OPEC+ influence debate: between staying the course and geopolitical pressures

OPEC+ logo - PHOTO/REUTERS
As geopolitical tensions and climate pressures intensify, OPEC and its allies appear to be facing a loss of influence in the global oil market
  1. The Organisation of the Petroleum Exporting Countries, oil market hegemony
  2. Who controls oil prices today?
  3. The role of the geopolitical context in oil markets and prices 
  4. Is OPEC losing influence?

The 53rd meeting of the Joint Ministerial Monitoring Committee (JMMC) was recently held by videoconference. At the conclusion of the meeting, which was made public in a communiqué, OPEC+ declared that it would maintain its current policy of reducing oil production.

Since 2022, OPEC+ has announced several production cuts, including voluntary reductions by key members such as Saudi Arabia and Russia. The latest round of cuts was announced at the end of November 2023 and came into effect in the first quarter of 2024. Currently, the mandatory crude oil cut by OPEC+ members is around 3.66 million barrels per day and is expected to continue until the end of this year. Voluntary cuts amount to 2.2 million barrels per day and are expected to continue until June.

At the same time, the JMMC welcomed three commitments: those of the Republic of Iraq and the Republic of Kazakhstan to achieve full compliance and offset excess production, and that of the Russian Federation to cut its oil production by 471,000 bpd by the end of the second quarter. 

OPEC - REUTERS/DADO RUVIC

However, amid internal dissension, competition from the US and a feverish response to the climate emergency, OPEC and its ten OPEC+ allies seem to have lost some of their influence of late. Another factor destabilising the market is the current geopolitical context, most notably tensions in the Red Sea, Ukraine and the Middle East. Several oil producing and exporting countries are involved in these conflicts, while others are subject to sanctions (Venezuela, Iran). 

These measures have been taken against a backdrop of falling oil prices, while forecasts of peak demand were circulated in various publications. The reduction of permanent discounts was a way for OPEC to ensure that prices did not fall at the slightest sign of production growth. However, the situation has changed and the market is in turmoil again.

Experts and journalists are divided: does OPEC still maintain its influence on market prices, and does the current geopolitical context really influence oil prices? This is what we will try to analyse in this article. 

OPEC - PHOTO/FILE

The Organisation of the Petroleum Exporting Countries, oil market hegemony

The Organisation of Petroleum Exporting Countries (OPEC) is a bloc of twelve oil-rich member states spread across the Middle East, Africa and South America (Algeria, Congo, Equatorial Guinea, Gabon, Iran, Iraq, Kuwait, Libya, Nigeria, Saudi Arabia, United Arab Emirates and Venezuela).
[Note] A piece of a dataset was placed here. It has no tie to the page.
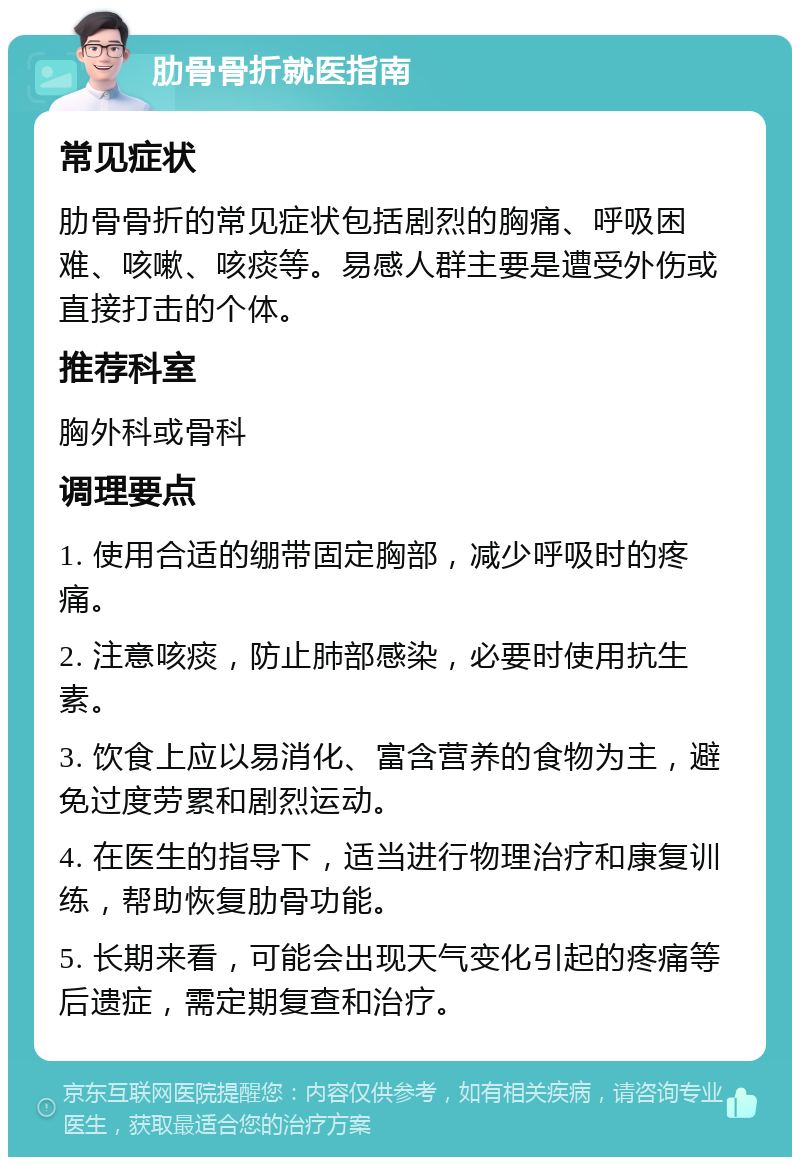 肋骨骨折就医指南 常见症状 肋骨骨折的常见症状包括剧烈的胸痛、呼吸困难、咳嗽、咳痰等。易感人群主要是遭受外伤或直接打击的个体。 推荐科室 胸外科或骨科 调理要点 1. 使用合适的绷带固定胸部，减少呼吸时的疼痛。 2. 注意咳痰，防止肺部感染，必要时使用抗生素。 3. 饮食上应以易消化、富含营养的食物为主，避免过度劳累和剧烈运动。 4. 在医生的指导下，适当进行物理治疗和康复训练，帮助恢复肋骨功能。 5. 长期来看，可能会出现天气变化引起的疼痛等后遗症，需定期复查和治疗。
Created in 1960 at the Baghdad Conference by Iran, Iraq, Kuwait, Saudi Arabia and Venezuela, OPEC's aim was to build a united front in response to oil price cuts imposed by multinational oil companies and import caps imposed by the US government, which drove down foreign oil prices in the 1950s. 

Today, the group controls almost 40 % of the world's oil production. For many analysts, this dominant market position has at times allowed OPEC to act like a cartel, coordinating production levels among its members to manipulate world oil prices. 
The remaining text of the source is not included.